In the spirit of this month's theme - opposites - I first thought I would play around with opposite colors, color being my thing. Opposite, or complimentary colors, are those opposite each other on the color wheel, and they offer the greatest contrast in hue. But there are other kinds of opposites in color: value - light and dark colors - and saturation - brights and neutral (dull) colors. I am so drawn to big, fat, luscious saturated color, so I thought I'd go in the opposite direction and play with neutrals. Here area a few pages from my sketchbook in which I was just playing.
In this first one I used Turner's Yellow, Titan Buff, Raw Sienna (all Golden Fluid Acrylics), and Fawn (Jo Sonja's Artists' Colors), plus a little Titanium White.
In this one I used Baltic Blue and Baltic Green (Liquitex Soft-Body Acrylics) as well as Green Gold (Golden), with titanium white and some kind of gray.
This splash is made by spritzing the half-dry (tacky) paint with a spray bottle of water, then blotting it up with a paper towel .
I added black to my neutral mix here, and tried to use up all the remaining paint on the palette.
My next step it to introduce judicious quantities of very bright saturated colors into these paint sketches, see if I can be restrained enough not to slather screeching red all over the page. Here are a couple of notes on using neutral colors:
- Using neutral colors can make your bright colors really glow (I'll post the results of my work with brights on these pages)
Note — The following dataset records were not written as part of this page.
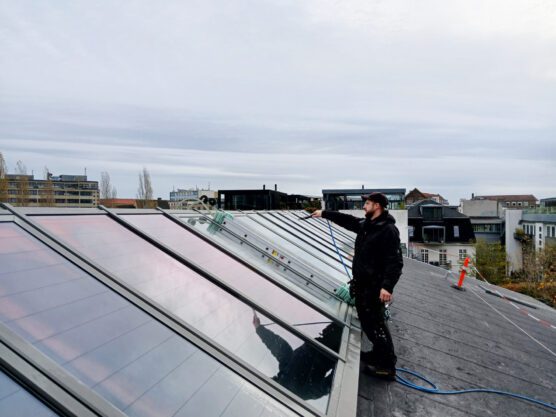 Solfilm montering i zeppelinerhallen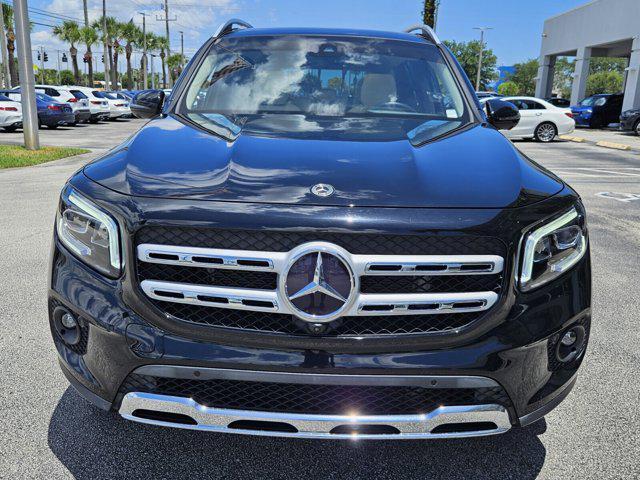 used 2022 Mercedes-Benz GLB 250 car, priced at $27,995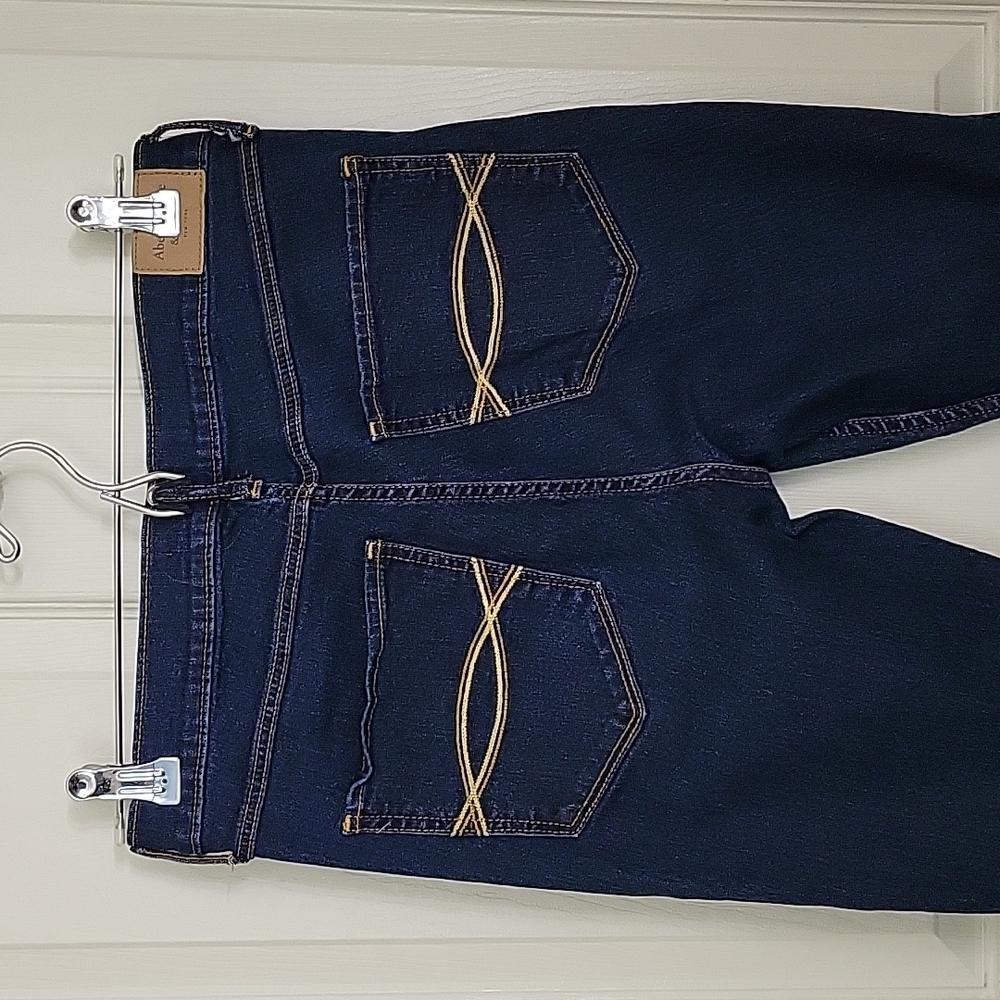Abercrombie & Fitch Super Skinny High Rise Size 6R (Dark Rinse)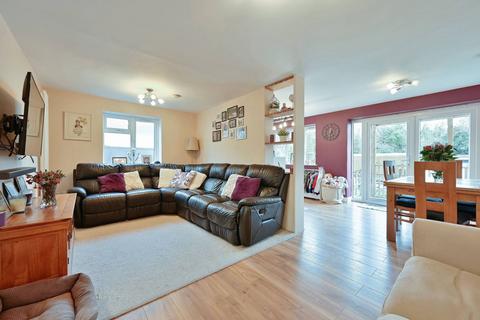 undefined, Woodmere Avenue, Watford, WD24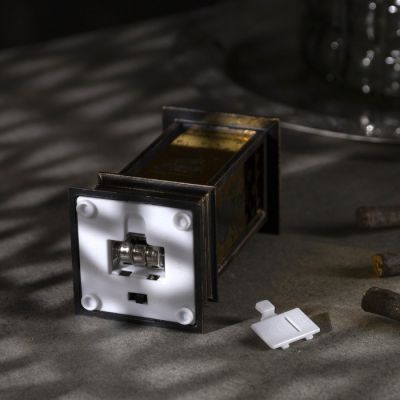 Светодиодная фигура «Фонарь со снеговиком» 6 × 12 × 6 см, пластик, батарейки AG13х3, свечение тёплое белое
- To make a color less bright, add a pinch of its opposite color. Look at this gradation of red to green: all of the colors in between are much less saturated than either the red or the green:
- You can also add a touch of black or white, as you can see in this gradation of Pthalo Turquoise:
- Adding a smidge of almost any color, especially a dull one, to a bright color will reduce its saturation.